3. Un phénomène nouveau, les « travailleurs pauvres »
a) L'emploi ne représente plus une garantie absolue contre la pauvreté
Si l'exercice d'une activité diminue le risque de pauvreté et d'exclusion sociale, cela ne constitue plus aujourd'hui une protection absolue, puisque près de 7 % des personnes actives en emploi perçoivent des revenus inférieurs à 817 euros par mois.
Selon la définition française retenue par l'Insee, cette nouvelle catégorie de travailleurs pauvres regroupe 1,74 million de personnes actives durant la moitié de l'année (alternance possible de périodes de chômage et d'emploi), ayant travaillé pendant au moins un mois et dont le niveau de vie est inférieur au seuil de pauvreté.
La définition européenne est plus restrictive, puisqu'elle considère comme travailleurs, les personnes ayant occupé un emploi pendant au moins sept mois dans l'année. Selon ce critère, la France compte 1,53 million de travailleurs pauvres en 2005, soit 6,4 % des personnes en emploi.
Dans les deux cas, le nombre de personnes concernées s'est accru de façon significative entre 2004 et 2005 : de 30 000 personnes, selon la définition française, à 100 000, selon la définition européenne. Au total, 4 millions de personnes sont touchées par ce nouveau phénomène, 2,35 millions de personnes vivant aux côtés d'un travailleur pauvre.
b) La précarité de l'emploi explique partiellement la pauvreté des ménages
La réalité des situations peut être assez diverse : temps partiel subi, jeunes faiblement diplômés titulaires d'un emploi précaire, personnes qui alternent périodes d'activité et de chômage ou qui se retirent progressivement du marché du travail.
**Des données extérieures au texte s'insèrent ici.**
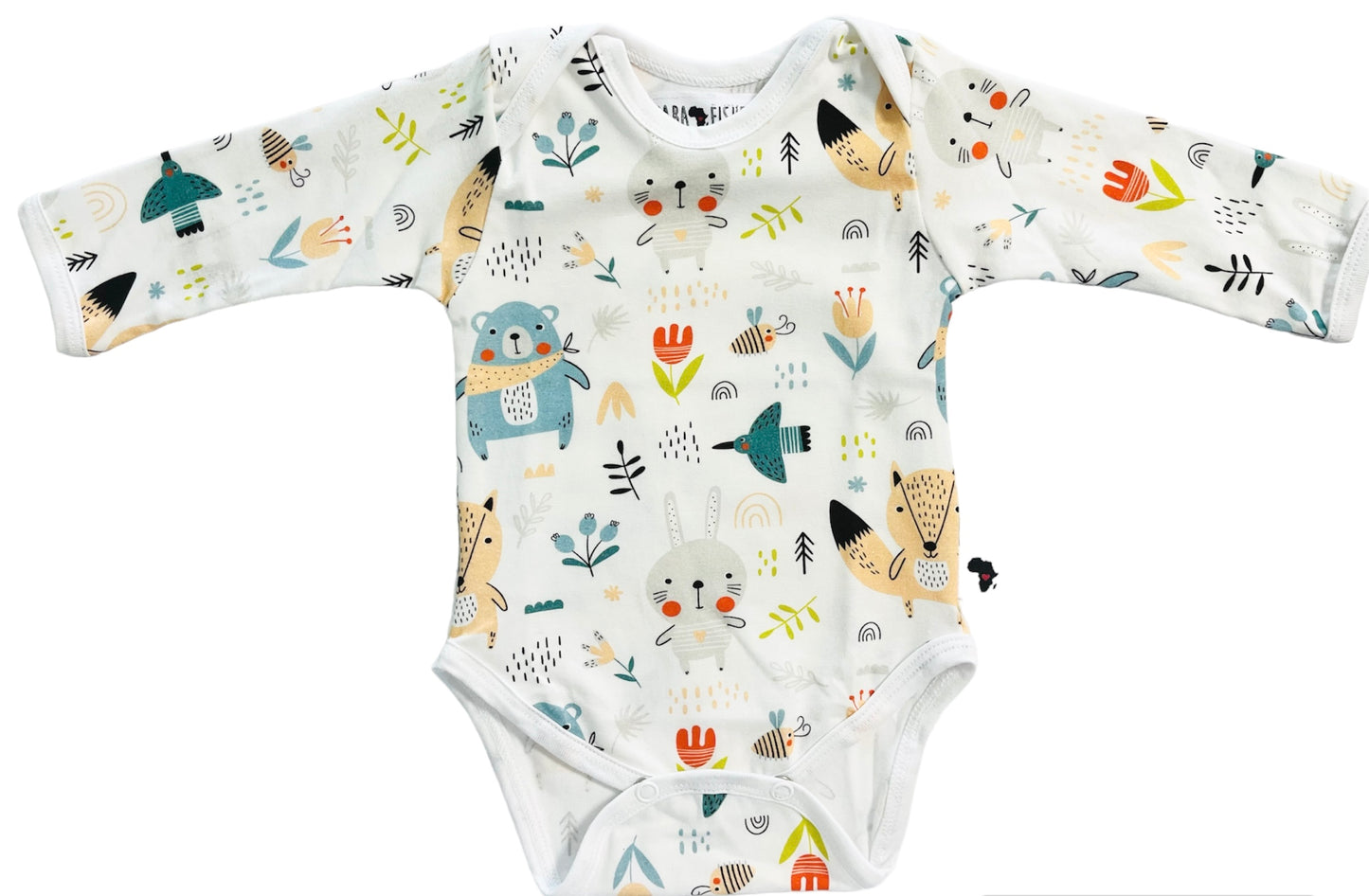 Long sleeve body vest 3-6months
On observe toutefois que dans leur très large majorité (78 %), les travailleurs pauvres occupent un emploi toute l'année, parmi lesquels environ 20 % exercent une activité à temps partiel. Les travailleurs indépendants , qui constituent 10 % de l'ensemble des travailleurs, sont surreprésentés, puisqu'ils correspondent à 27 % des travailleurs pauvres . Ils sont également davantage exposés au risque de pauvreté que les travailleurs salariés (19,2 % contre 5,8 %, soit environ trois fois plus). En moyenne, les sommes perçues par les travailleurs pauvres au titre de leur activité s'élèvent à 775 euros par mois, tandis que la moitié d'entre eux perçoit moins de 741 euros.
Au-delà des facteurs aggravants liés à la précarité de l'emploi, plusieurs études mettent également en évidence l'influence déterminante de la structure des ménages : on constate par exemple que plus du tiers des travailleurs pauvres perçoivent un revenu individuel supérieur au Smic, qui excède de 16 % le seuil de pauvreté. Ces travailleurs ne sont donc pas pauvres en raison de la précarité de leur emploi mais parce que la répartition du revenu disponible au sein du ménage qu'ils font vivre aboutit à la pauvreté de chacun des membres qui le composent.
A l'inverse, trois quarts des travailleurs dont les revenus sont inférieurs à un Smic ne sont pas pauvres, parce qu'ils bénéficient, du fait de leur situation familiale, de revenus complémentaires (salaires de leur conjoint, transferts sociaux, etc.).
La structure familiale apparaît donc comme un facteur déterminant dans l'appréciation des situations individuelles au regard de la pauvreté. C'est pourquoi une approche complémentaire, fondée sur la notion de « pauvreté économique individuelle » 64 ( * ) , permet de neutraliser l'effet de la composition familiale sur les revenus du ménage et d'apprécier la situation de pauvreté d'une personne à partir de ses seuls revenus individuels d'activité.
Selon cette approche, 3,7 millions de personnes seraient considérées comme pauvres, soit 15 % de l'ensemble des travailleurs : un sur cinq est indépendant ou alterne période de chômage et d'activité, un tiers travaille à temps partiel et seulement 14 % travaillent à temps complet toute l'année.
* 64 Formalisée par Sophie Ponthieux (Insee) en 2007.